Please transcribe the entries exactly and omit the images they contain.

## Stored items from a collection
::::::::::

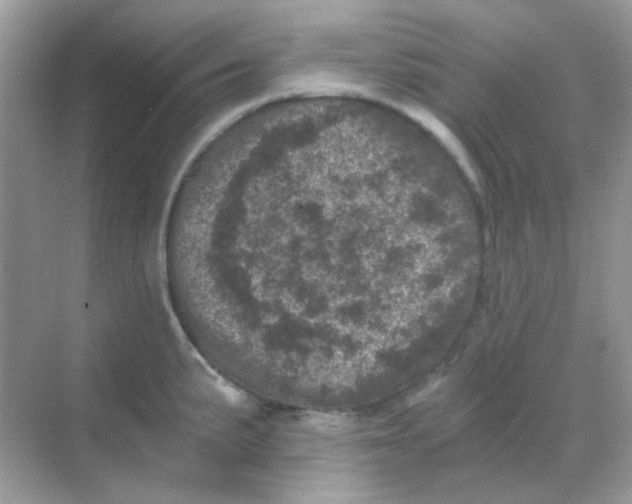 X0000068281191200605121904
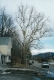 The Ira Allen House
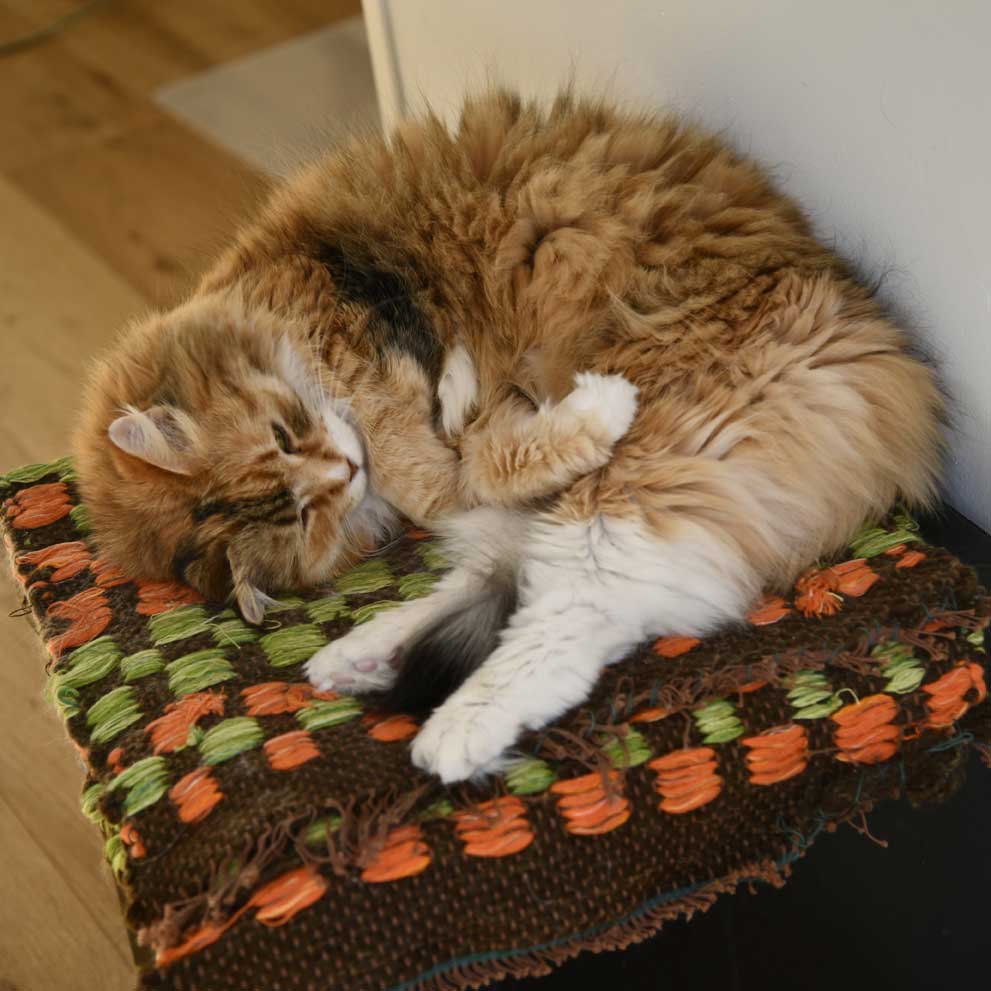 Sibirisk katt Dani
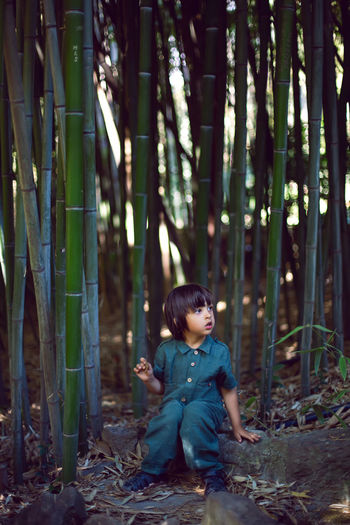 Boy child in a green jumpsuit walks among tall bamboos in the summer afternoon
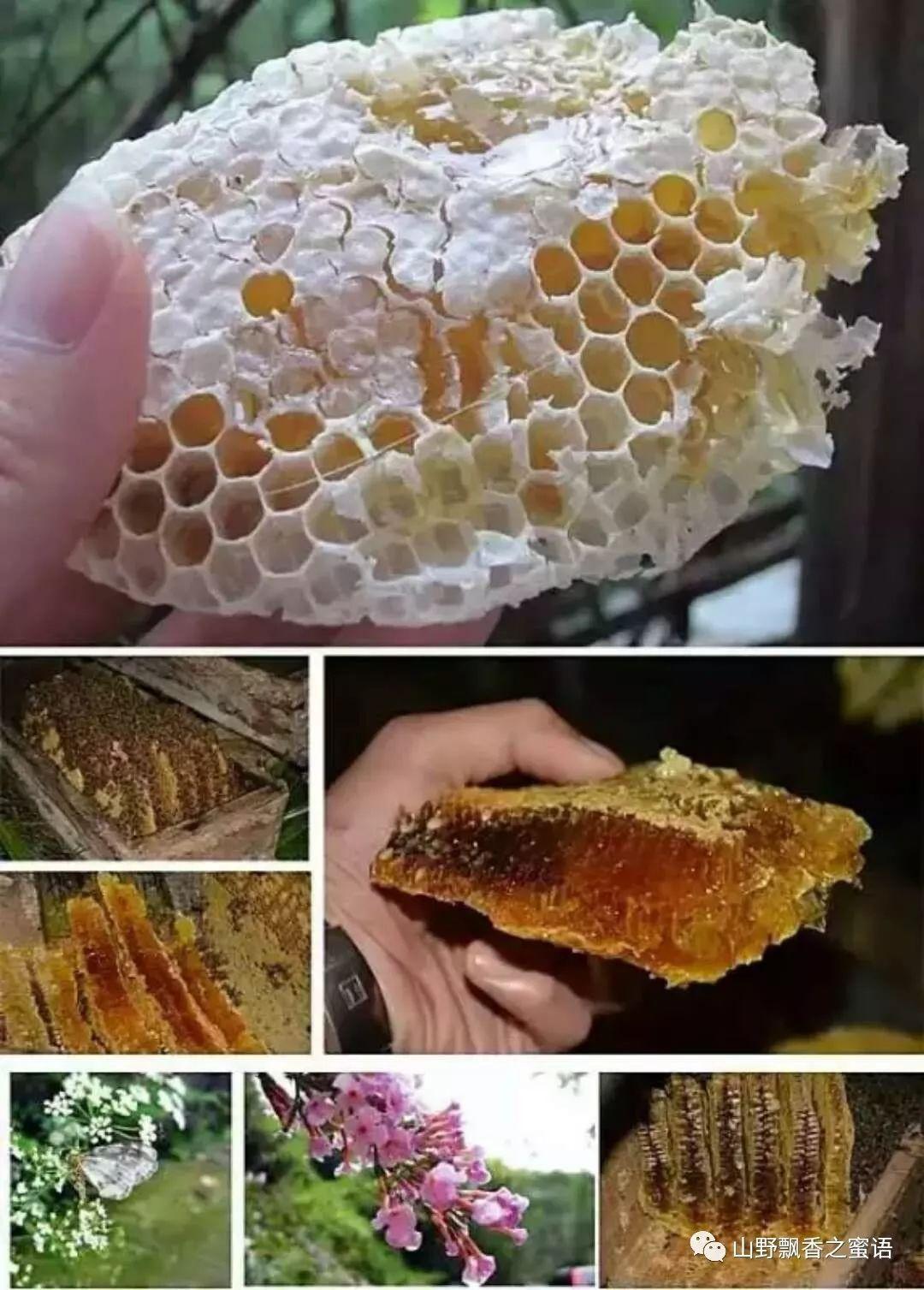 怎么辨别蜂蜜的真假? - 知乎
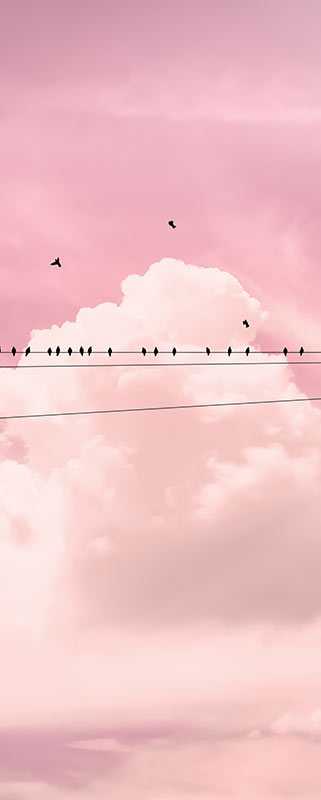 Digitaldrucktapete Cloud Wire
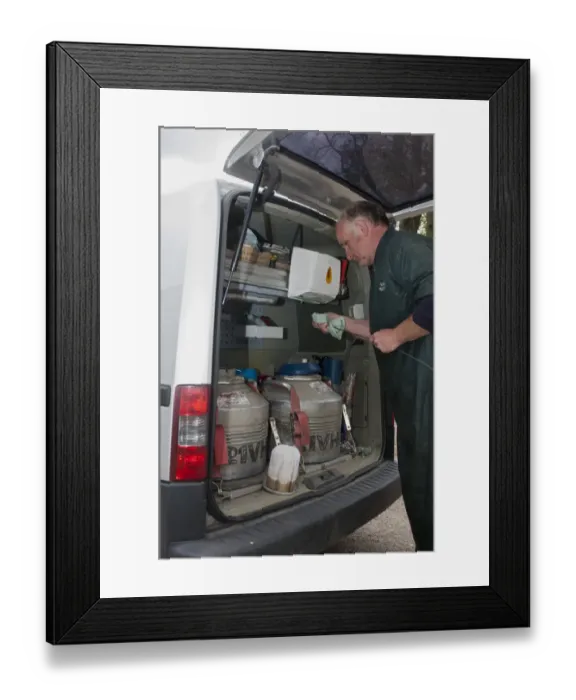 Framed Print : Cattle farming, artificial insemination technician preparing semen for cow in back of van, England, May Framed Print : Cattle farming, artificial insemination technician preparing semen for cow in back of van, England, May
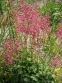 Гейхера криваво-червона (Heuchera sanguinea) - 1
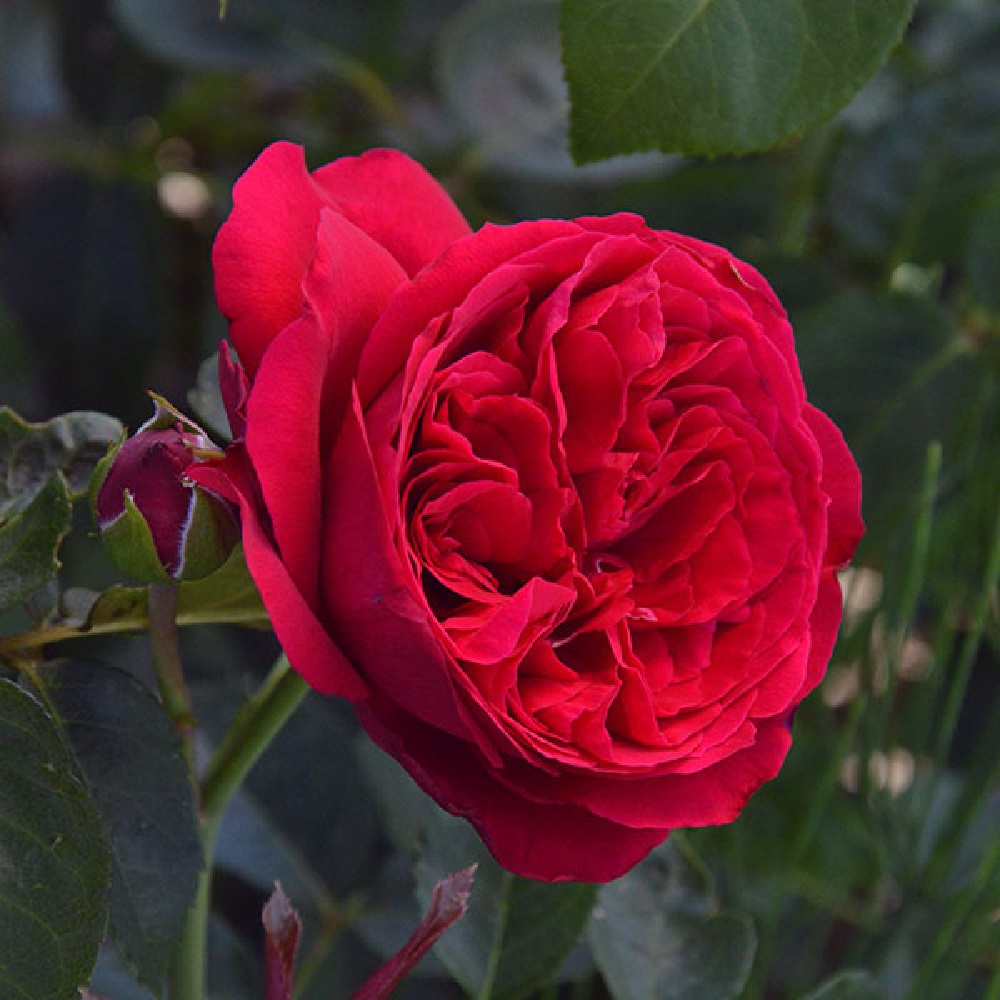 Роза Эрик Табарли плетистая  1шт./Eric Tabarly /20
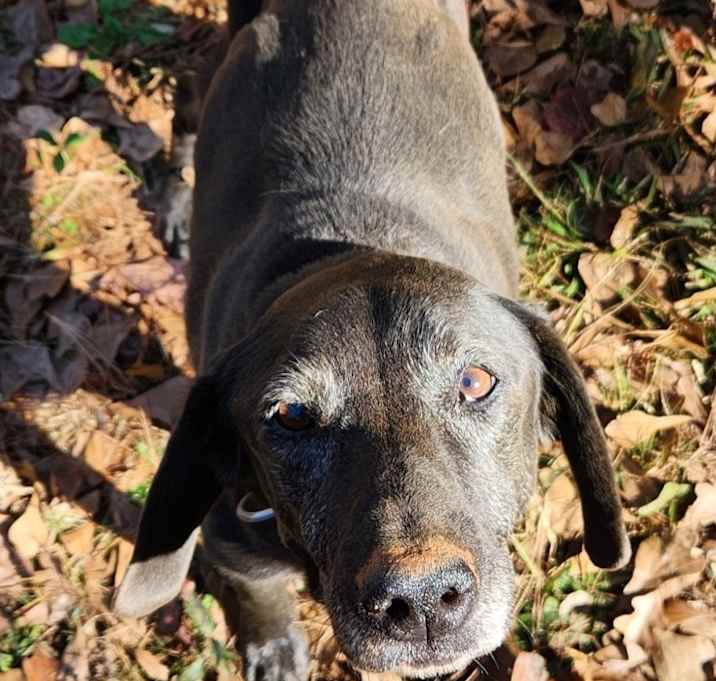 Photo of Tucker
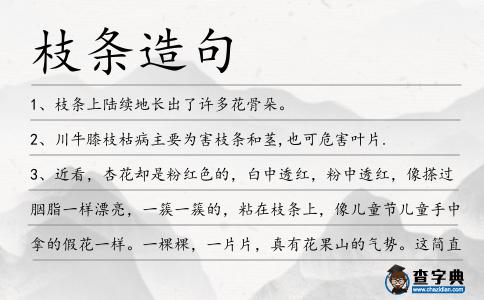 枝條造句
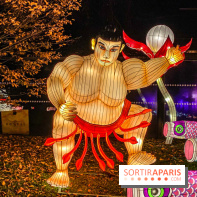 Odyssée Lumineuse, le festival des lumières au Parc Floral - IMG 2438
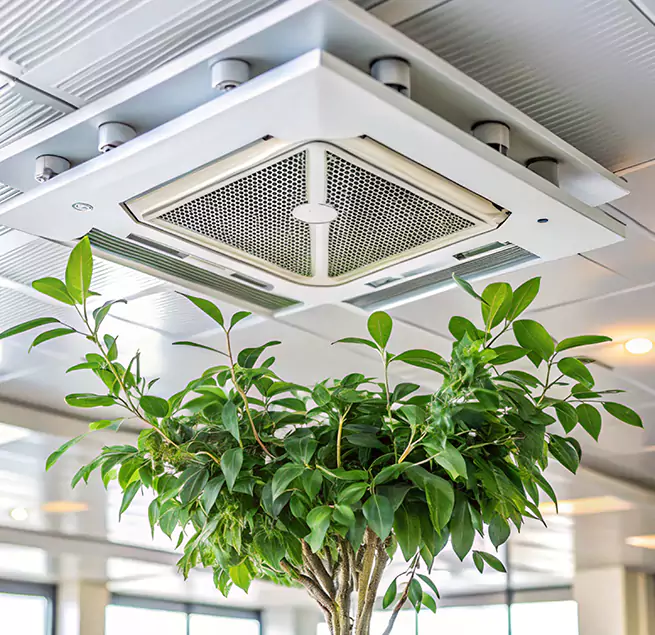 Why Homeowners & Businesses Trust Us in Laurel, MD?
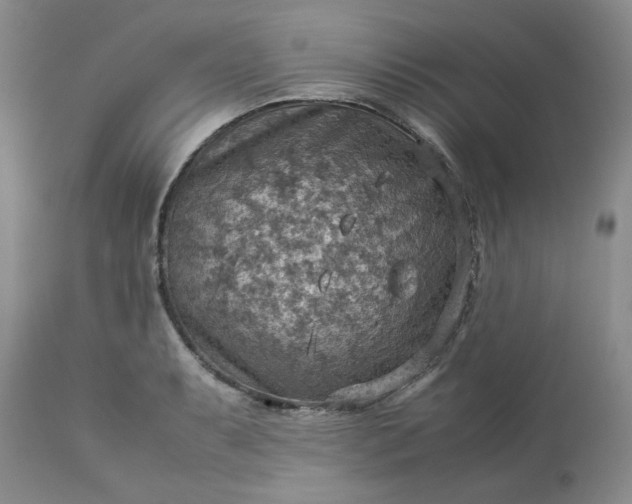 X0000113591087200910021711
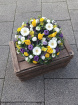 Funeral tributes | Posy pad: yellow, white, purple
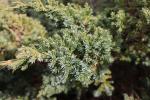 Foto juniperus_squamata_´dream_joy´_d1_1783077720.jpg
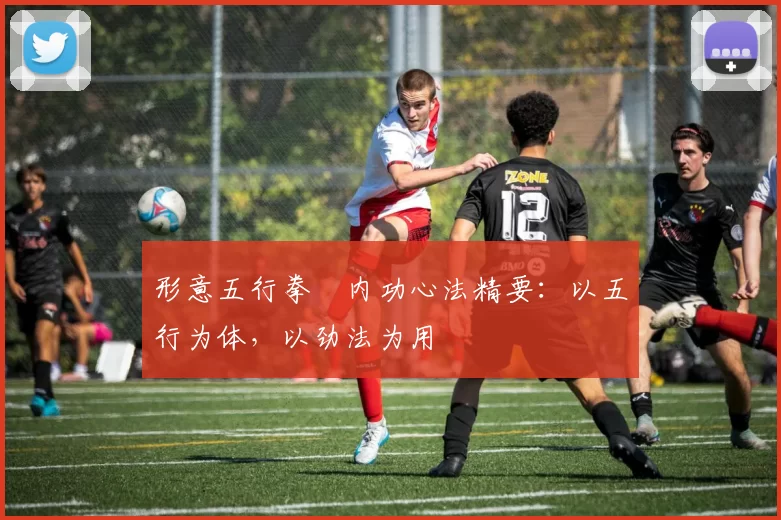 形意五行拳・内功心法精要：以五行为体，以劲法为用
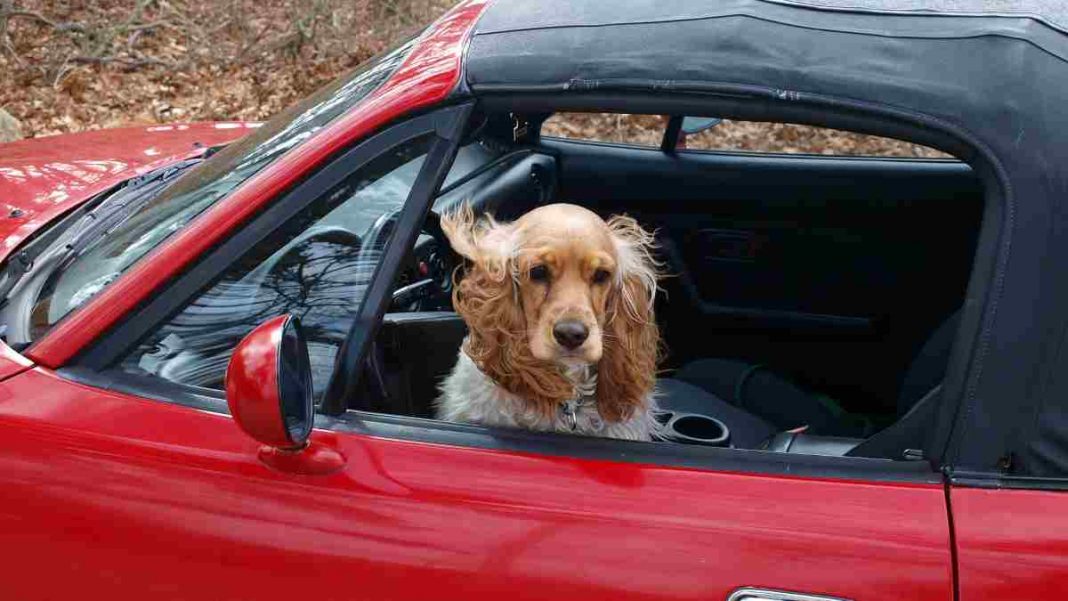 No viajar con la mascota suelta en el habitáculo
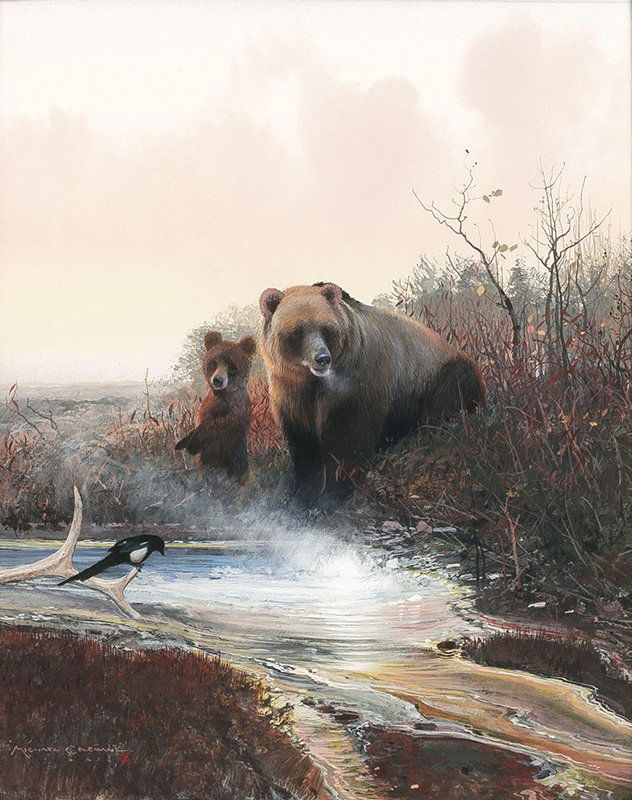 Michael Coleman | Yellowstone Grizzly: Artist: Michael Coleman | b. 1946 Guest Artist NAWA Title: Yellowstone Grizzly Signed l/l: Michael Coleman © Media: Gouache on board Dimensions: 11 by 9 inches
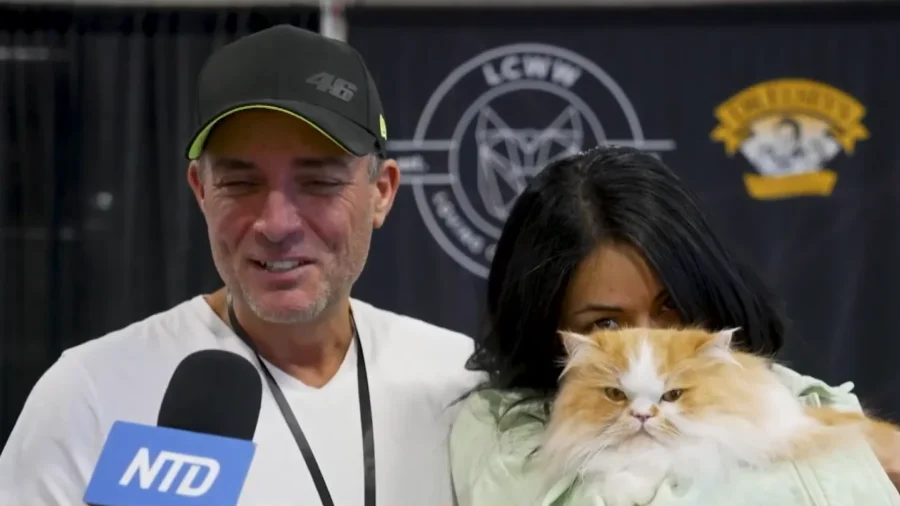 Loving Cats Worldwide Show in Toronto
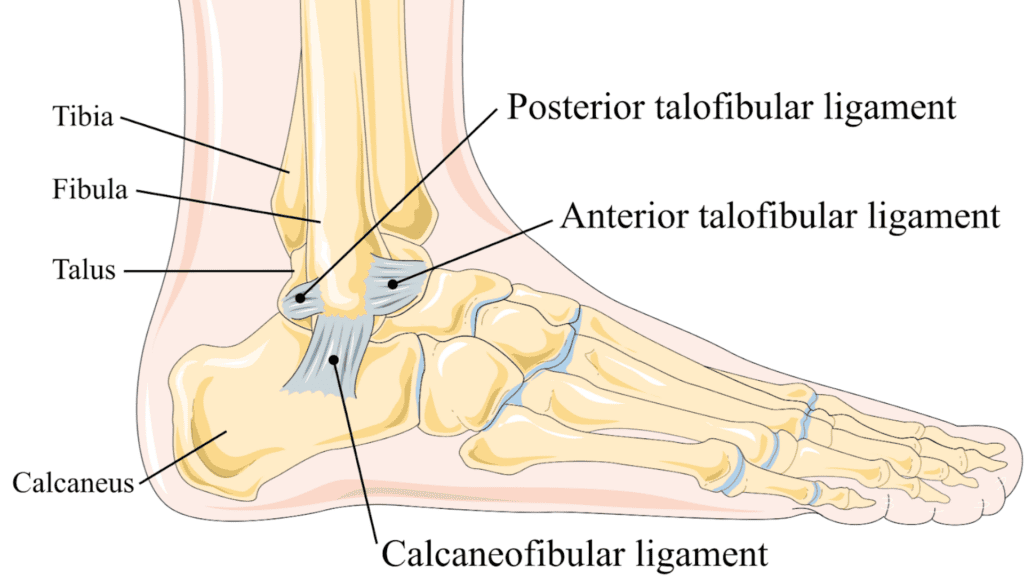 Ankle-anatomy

::::::::::

## Result below
 X0000068281191200605121904
 The Ira Allen House
 Sibirisk katt Dani
 Boy child in a green jumpsuit walks among tall bamboos in the summer afternoon
 怎么辨别蜂蜜的真假? - 知乎
 Digitaldrucktapete Cloud Wire
 Framed Print : Cattle farming, artificial insemination technician preparing semen for cow in back of van, England, May Framed Print : Cattle farming, artificial insemination technician preparing semen for cow in back of van, England, May
 Гейхера криваво-червона (Heuchera sanguinea) - 1
 Роза Эрик Табарли плетистая  1шт./Eric Tabarly /20
 Photo of Tucker
 枝條造句
 Odyssée Lumineuse, le festival des lumières au Parc Floral - IMG 2438
 Why Homeowners & Businesses Trust Us in Laurel, MD?
 X0000113591087200910021711
 Funeral tributes | Posy pad: yellow, white, purple
 Foto juniperus_squamata_´dream_joy´_d1_1783077720.jpg
 形意五行拳・内功心法精要：以五行为体，以劲法为用
 No viajar con la mascota suelta en el habitáculo
 Michael Coleman | Yellowstone Grizzly: Artist: Michael Coleman | b. 1946 Guest Artist NAWA Title: Yellowstone Grizzly Signed l/l: Michael Coleman © Media: Gouache on board Dimensions: 11 by 9 inches
 Loving Cats Worldwide Show in Toronto
 Ankle-anatomy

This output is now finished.